Complex & Intelligent Systems ( IF 5.0 ) Pub Date : 2024-11-14 , DOI: 10.1007/s40747-024-01667-x Zheng Liu, Wei Xiong, Zhuoya Jia, Chi Han
This paper investigates the agile optical satellite scheduling problem, which aims to arrange an observation sequence and observation actions for observation tasks. Existing research mainly aims to maximize the number of completed tasks or the total priorities of the completed tasks but ignores the influence of the observation actions on the imaging quality. Besides, the conventional exact methods and heuristic methods can hardly obtain a high-quality solution in a short time due to the complicated constraints and considerable solution space of this problem. Thus, this paper proposes a two-stage scheduling framework with two-stage deep reinforcement learning to address this problem. First, the scheduling process is decomposed into a task sequencing stage and an observation scheduling stage, and a mathematical model with complex constraints and two-stage optimization objectives is established to describe the problem. Then, a pointer network with a local selection mechanism and a rough pruning mechanism is constructed as the sequencing network to generate an executable task sequence in the task sequencing stage. Next, a decomposition strategy decomposes the executable task sequence into multiple sub-sequences in the observation scheduling stage, and the observation scheduling process of these sub-sequences is modeled as a concatenated Markov decision process. A neural network is designed as the observation scheduling network to determine observation actions for the sequenced tasks, which is well trained by the soft actor-critic algorithm.

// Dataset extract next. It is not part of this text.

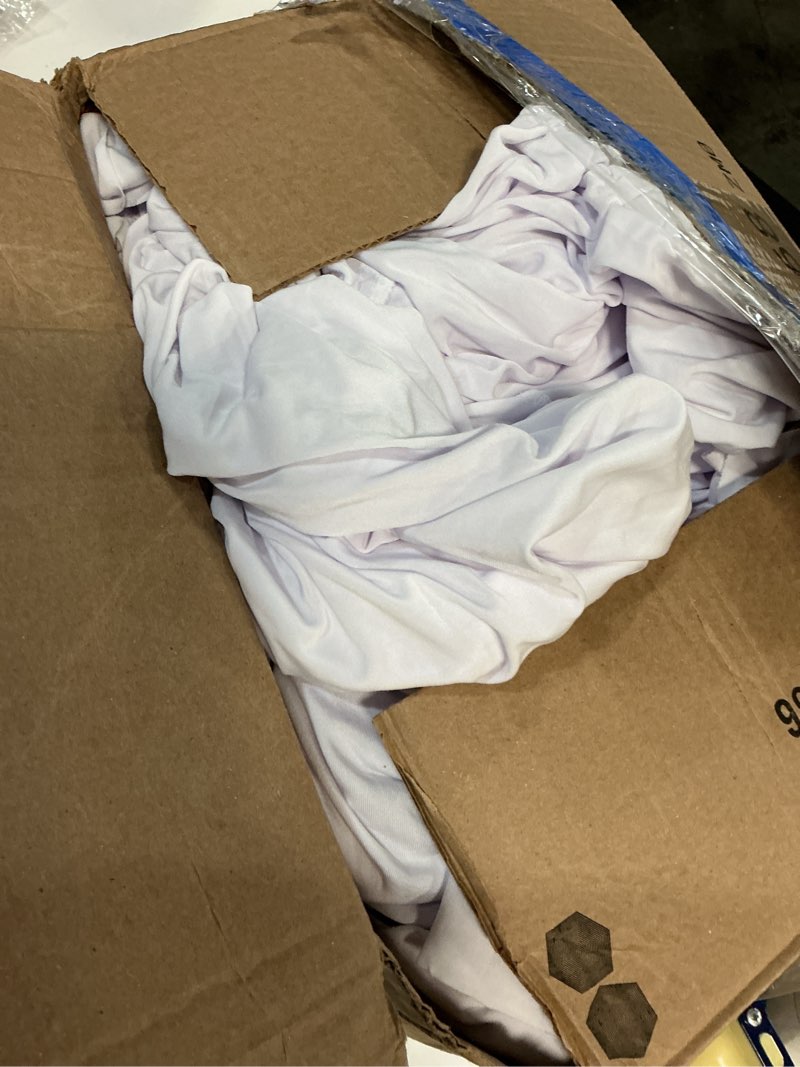 Condition photo showing Good Condition for 2 pack white spandex tablecloths for 4 ft rectangle tables, stretch table cloths 4 foot fitted table cover with skirt for parties weddings birthday banquet baby shower white 4ft(2pack)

Finally, extensive experiments show that the proposed method, along with the designed mechanisms and strategy, is superior to comparison algorithms in terms of solution quality, generalization performance, and computation efficiency.
中文翻译:
面向敏捷光学卫星调度问题的两阶段深度强化学习方法
该文研究了敏捷光学卫星调度问题,旨在为观测任务安排观测序列和观测动作。现有研究主要旨在最大化已完成任务的数量或已完成任务的总优先级,而忽略了观测动作对成像质量的影响。此外,由于该问题的约束条件复杂且求解空间较大,传统的精确方法和启发式方法很难在短时间内获得高质量的解。因此,本文提出了一个具有两阶段深度强化学习的两阶段调度框架来解决这个问题。首先,将调度过程分解为任务排序阶段和观察调度阶段,并建立具有复杂约束条件和两阶段优化目标的数学模型来描述问题;然后,构建具有局部选择机制和粗剪机制的指针网络作为排序网络,在任务排序阶段生成可执行的任务序列。接下来,在观测调度阶段,一个分解策略将可执行的任务序列分解为多个子序列,并将这些子序列的观测调度过程建模为级联的马尔可夫决策过程。神经网络被设计为观察调度网络,以确定序列任务的观察动作,该网络由软 Actor-Critic 算法进行了很好的训练。最后,大量实验表明,所提出的方法以及所设计的机制和策略在求解质量、泛化性能和计算效率方面优于比较算法。